• _Task item_: Copy each line below exactly.

• _Dataset records_:
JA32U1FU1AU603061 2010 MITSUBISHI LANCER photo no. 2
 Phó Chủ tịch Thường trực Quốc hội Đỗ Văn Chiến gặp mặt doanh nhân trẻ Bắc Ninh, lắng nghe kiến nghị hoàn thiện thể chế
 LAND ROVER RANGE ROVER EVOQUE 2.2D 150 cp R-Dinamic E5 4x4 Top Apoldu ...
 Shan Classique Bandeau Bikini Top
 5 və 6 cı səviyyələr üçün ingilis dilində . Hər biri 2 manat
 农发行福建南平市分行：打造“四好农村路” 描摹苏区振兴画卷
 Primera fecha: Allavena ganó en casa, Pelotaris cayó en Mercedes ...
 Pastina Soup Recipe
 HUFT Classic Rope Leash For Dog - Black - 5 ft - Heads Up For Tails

• _Response to this task_:
JA32U1FU1AU603061 2010 MITSUBISHI LANCER photo no. 2
 Phó Chủ tịch Thường trực Quốc hội Đỗ Văn Chiến gặp mặt doanh nhân trẻ Bắc Ninh, lắng nghe kiến nghị hoàn thiện thể chế
 LAND ROVER RANGE ROVER EVOQUE 2.2D 150 cp R-Dinamic E5 4x4 Top Apoldu ...
 Shan Classique Bandeau Bikini Top
 5 və 6 cı səviyyələr üçün ingilis dilində . Hər biri 2 manat
 农发行福建南平市分行：打造“四好农村路” 描摹苏区振兴画卷
 Primera fecha: Allavena ganó en casa, Pelotaris cayó en Mercedes ...
 Pastina Soup Recipe
 HUFT Classic Rope Leash For Dog - Black - 5 ft - Heads Up For Tails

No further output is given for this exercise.